File photo
Tony Petelos, the former county manager for Jefferson County, at the Jefferson County Courthouse in downtown Birmingham on Tuesday, March 16, 2021. Petelos is now retired after 34 years of public service in the Birmingham and Hoover area.
As Homewood prepares to hire an interim city manager following voter approval to change the city’s government structure, a veteran political figure who led Jefferson County through turbulent change has expressed interest in the role.
Tony Petelos, the former Hoover mayor and county manager of Jefferson County, told The Homewood Star he would consider coming out of retirement on an interim basis to lay the groundwork for a permanent hire.
“I’m a lifetime resident of Jefferson County and was able to set up a new form of government for Jefferson County, and would be able to do it for the City of Homewood,” he told The Star on Thursday, two days after voters approved the referendum authorizing the change in government.

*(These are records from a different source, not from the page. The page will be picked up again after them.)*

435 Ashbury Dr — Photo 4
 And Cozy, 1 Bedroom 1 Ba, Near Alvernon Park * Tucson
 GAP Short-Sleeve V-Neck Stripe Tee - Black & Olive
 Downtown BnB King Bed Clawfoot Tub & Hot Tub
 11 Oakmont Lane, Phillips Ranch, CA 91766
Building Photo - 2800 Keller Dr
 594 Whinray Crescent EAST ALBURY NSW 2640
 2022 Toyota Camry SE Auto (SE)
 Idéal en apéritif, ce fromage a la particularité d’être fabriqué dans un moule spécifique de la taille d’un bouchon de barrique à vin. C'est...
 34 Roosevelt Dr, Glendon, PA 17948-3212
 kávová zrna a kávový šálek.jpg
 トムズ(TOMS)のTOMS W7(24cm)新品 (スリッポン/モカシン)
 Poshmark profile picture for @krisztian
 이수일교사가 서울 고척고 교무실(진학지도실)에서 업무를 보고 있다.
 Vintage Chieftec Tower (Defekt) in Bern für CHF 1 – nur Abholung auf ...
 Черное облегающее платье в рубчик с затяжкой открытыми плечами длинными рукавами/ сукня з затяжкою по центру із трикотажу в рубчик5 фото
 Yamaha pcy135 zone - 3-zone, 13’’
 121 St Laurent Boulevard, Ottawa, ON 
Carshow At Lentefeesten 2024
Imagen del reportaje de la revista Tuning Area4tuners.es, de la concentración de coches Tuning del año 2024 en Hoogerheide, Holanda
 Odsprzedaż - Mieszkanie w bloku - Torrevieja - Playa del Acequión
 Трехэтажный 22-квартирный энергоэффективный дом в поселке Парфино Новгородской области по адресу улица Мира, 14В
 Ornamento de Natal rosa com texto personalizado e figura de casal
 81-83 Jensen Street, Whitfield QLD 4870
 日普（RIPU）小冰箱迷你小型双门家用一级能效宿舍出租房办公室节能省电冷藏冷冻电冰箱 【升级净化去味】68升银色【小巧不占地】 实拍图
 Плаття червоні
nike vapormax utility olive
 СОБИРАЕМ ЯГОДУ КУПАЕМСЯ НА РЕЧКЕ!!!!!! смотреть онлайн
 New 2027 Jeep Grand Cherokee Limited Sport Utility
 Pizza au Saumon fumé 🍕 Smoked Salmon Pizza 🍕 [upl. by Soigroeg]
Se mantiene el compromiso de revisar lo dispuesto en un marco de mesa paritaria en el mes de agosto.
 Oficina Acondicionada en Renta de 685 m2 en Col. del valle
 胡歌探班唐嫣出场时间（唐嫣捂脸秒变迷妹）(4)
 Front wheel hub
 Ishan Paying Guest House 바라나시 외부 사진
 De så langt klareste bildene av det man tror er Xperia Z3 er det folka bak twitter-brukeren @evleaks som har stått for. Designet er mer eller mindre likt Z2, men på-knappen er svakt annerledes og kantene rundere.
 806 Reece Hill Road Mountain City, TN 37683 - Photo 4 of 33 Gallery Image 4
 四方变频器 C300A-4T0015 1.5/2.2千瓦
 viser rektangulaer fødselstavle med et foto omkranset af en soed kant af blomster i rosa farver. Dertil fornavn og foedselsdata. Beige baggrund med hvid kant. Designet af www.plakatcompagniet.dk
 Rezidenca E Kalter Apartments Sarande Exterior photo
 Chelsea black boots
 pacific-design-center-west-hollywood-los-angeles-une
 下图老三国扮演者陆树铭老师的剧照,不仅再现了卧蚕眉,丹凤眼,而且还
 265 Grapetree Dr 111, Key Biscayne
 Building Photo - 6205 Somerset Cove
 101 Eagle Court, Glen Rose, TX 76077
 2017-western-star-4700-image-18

Petelos, 71, retired from the county manager position of Jefferson County in 2021. Asked directly if he had talked to representatives from Homewood or interviewed for a role, Petelos declined to answer. He did tell The Star he would be happy to talk with Homewood’s City Council and learn more about their needs, and clarified he has no interest in the permanent city manager role.
Homewood voters on Tuesday authorized the city to change its form of government from a mayor/council format to a city manager/council structure. As part of that transition, the council plans to hire an interim manager to initiate changes and prepare for a full-time hire to be made by the next council and mayor. New leadership will take over after city elections in 2025.
Tuesday night, former Homewood mayoral candidate Chris Lane posted on Facebook that Petelos would be the choice to lead the transition.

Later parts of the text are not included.